Para Rita, a situação caótica da capital de Espanha poderia ter sido evitada, mas também confessa que foi uma das pessoas que demoraram algum tempo a adotar as medidas preventivas. Hoje, acredita que devia ter começado a trabalhar a partir de casa assim que a empresa lhe deu a opção.
Em comparação com o ambiente que se vive em Portugal, considera que, por aqui, está tudo mais calmo. “Acho que é mais assustador lá, onde as pessoas não podem mesmo sair de casa, o que é uma medida muito dura”, que, segundo explica, foi aplicada de forma “muito radical em muito pouco tempo”, ainda que necessária. Há apenas uma semana, recorda, estava a fazer uma vida normal na cidade com os pais.
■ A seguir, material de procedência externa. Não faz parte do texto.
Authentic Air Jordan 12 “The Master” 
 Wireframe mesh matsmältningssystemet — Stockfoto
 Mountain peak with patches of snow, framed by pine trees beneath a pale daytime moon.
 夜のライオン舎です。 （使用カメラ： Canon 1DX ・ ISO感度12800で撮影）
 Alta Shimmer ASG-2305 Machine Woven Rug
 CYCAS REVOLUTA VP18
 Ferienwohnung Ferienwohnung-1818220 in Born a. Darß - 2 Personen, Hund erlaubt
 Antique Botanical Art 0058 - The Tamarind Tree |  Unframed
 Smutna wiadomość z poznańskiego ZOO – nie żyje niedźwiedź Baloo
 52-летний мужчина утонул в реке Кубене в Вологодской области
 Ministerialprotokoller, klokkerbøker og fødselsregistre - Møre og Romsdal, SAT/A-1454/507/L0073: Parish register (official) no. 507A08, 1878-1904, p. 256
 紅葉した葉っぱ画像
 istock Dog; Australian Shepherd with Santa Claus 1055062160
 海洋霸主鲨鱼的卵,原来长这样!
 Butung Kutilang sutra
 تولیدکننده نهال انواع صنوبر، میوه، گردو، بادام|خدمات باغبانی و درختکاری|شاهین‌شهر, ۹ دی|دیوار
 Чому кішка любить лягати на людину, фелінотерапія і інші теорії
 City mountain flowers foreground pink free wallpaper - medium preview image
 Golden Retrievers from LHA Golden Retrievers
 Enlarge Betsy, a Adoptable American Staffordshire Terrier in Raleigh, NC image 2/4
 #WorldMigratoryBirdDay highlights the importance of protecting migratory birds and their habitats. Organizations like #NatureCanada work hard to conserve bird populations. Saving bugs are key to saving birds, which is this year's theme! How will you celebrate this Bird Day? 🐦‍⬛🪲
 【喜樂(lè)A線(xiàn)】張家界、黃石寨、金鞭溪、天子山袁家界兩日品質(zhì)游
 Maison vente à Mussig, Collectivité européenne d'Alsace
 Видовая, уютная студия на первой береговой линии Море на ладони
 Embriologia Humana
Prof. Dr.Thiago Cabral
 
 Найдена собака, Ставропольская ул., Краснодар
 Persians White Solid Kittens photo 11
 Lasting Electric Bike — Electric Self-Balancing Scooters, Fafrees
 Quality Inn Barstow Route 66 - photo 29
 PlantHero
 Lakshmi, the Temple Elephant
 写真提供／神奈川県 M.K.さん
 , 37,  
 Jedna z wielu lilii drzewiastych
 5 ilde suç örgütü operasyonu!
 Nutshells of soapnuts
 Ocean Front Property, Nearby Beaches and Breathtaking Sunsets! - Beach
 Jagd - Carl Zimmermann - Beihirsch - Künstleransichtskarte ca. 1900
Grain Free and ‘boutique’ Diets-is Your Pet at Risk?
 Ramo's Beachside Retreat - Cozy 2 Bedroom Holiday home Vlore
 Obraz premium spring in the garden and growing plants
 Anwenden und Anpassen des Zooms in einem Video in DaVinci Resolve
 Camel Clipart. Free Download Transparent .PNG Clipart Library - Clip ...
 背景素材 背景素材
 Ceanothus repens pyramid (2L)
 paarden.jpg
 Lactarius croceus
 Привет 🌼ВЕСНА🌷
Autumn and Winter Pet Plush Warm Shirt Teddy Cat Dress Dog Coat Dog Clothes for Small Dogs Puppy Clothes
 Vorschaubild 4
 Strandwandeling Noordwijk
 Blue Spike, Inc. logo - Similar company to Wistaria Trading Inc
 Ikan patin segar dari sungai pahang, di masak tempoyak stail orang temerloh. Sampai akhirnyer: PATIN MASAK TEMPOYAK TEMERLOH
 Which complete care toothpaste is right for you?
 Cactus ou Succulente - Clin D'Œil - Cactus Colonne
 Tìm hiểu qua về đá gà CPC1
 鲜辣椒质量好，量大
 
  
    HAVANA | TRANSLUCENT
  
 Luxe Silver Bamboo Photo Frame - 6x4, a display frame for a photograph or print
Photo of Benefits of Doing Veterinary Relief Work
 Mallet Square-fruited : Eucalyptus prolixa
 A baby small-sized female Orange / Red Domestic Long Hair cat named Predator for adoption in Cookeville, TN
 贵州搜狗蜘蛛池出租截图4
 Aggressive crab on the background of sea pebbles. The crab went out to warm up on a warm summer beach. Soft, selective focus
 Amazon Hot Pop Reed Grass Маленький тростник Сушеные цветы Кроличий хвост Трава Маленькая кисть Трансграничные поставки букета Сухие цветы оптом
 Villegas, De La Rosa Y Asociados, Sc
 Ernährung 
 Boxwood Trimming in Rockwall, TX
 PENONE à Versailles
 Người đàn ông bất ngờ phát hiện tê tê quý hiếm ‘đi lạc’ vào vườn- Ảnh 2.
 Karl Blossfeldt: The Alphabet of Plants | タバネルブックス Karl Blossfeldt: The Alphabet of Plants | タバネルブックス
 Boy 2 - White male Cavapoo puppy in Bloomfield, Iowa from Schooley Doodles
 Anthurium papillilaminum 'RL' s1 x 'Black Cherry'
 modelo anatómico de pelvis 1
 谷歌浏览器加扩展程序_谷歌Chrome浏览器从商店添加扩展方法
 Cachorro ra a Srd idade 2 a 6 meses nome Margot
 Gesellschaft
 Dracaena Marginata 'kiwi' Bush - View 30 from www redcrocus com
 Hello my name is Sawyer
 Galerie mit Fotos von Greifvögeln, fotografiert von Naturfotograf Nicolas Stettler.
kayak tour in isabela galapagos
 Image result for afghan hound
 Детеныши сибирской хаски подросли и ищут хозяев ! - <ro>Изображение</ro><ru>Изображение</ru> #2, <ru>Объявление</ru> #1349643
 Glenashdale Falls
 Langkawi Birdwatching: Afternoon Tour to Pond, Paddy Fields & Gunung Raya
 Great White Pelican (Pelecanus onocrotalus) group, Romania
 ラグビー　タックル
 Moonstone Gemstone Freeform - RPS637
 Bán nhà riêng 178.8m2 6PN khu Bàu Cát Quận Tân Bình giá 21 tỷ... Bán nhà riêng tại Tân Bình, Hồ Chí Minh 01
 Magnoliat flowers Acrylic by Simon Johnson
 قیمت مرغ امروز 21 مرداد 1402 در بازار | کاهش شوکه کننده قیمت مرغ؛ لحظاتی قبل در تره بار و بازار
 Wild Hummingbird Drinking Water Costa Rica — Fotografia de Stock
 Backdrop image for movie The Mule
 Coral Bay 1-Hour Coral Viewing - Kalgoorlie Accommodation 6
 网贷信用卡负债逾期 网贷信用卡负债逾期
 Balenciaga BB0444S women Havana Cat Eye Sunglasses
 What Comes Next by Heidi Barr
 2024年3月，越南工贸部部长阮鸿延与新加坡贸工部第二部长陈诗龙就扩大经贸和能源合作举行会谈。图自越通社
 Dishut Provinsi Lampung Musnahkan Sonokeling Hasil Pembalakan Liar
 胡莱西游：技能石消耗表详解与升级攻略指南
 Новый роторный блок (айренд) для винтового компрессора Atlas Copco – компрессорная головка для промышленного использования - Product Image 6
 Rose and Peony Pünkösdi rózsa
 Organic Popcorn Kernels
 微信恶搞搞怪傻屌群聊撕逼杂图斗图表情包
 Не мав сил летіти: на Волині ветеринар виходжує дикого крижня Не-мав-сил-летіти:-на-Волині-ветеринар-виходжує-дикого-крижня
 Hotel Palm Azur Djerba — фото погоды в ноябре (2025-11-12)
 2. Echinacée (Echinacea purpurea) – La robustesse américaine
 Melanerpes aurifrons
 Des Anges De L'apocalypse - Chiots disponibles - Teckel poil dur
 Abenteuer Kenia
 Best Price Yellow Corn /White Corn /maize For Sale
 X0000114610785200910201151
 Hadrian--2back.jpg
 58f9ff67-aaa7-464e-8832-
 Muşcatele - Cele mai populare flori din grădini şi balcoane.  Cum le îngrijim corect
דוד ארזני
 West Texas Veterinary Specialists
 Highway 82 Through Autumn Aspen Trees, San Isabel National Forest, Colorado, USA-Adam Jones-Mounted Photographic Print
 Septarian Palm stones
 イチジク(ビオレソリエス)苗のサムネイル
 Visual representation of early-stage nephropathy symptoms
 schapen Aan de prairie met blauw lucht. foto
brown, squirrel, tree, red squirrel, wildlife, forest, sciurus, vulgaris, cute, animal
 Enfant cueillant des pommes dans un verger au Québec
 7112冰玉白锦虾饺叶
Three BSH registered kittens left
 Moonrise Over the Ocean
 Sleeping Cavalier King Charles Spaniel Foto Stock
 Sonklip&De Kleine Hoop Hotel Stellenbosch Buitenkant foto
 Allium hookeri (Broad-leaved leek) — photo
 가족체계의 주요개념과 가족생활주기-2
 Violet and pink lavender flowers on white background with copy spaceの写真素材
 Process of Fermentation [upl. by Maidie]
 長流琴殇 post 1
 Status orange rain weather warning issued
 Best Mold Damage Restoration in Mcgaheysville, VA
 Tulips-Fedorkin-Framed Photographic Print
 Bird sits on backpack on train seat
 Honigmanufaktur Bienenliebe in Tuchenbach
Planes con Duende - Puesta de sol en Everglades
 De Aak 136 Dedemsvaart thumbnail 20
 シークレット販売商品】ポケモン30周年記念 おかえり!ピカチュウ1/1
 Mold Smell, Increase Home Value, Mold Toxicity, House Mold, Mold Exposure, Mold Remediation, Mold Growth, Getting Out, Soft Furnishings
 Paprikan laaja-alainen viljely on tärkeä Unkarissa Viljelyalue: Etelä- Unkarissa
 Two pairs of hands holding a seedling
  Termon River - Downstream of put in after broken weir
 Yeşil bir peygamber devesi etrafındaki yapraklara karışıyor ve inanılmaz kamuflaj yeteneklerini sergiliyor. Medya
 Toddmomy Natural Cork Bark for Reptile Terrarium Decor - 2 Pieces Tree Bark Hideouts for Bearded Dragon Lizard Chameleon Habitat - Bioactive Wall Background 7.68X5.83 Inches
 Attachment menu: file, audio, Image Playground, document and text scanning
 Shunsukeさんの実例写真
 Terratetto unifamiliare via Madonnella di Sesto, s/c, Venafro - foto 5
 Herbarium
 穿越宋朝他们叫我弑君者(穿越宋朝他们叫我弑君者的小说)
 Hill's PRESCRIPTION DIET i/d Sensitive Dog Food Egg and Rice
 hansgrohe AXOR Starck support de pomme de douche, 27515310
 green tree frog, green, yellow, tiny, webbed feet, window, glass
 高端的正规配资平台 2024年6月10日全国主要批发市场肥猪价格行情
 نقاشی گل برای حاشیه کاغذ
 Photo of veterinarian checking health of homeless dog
“Estou um bocado chocada”, acrescenta. Desde que chegou ao nosso País, Rita tem estado a trabalhar a partir de casa e só saiu uma vez para correr de manhã no paredão de Cascais enquanto estava vazio, que fica próximo da casa dos pais. Cancelou programas, jantares e um fim de semana com as amigas na Comporta por não querer arriscar contaminar ninguém.
À NiT, Rita Saraiva diz que se sente mais segura em Portugal do que em Espanha e que acredita estar a fazer a sua parte para travar a propagação do vírus, tal como a maior parte das pessoas que conhece. Apesar disso, pensa que os espanhóis estão “mais consciencializados do que os portugueses”, o que justifica com as medidas mais estritas que o governo do país vizinho já adotou.
“Aqui as coisas estão mais tranquilas”, conclui, acrescentando: “Até porque, para todos os efeitos, ainda se pode sair de casa. Mas acho que as coisas ainda vão escalar muito, sinceramente”.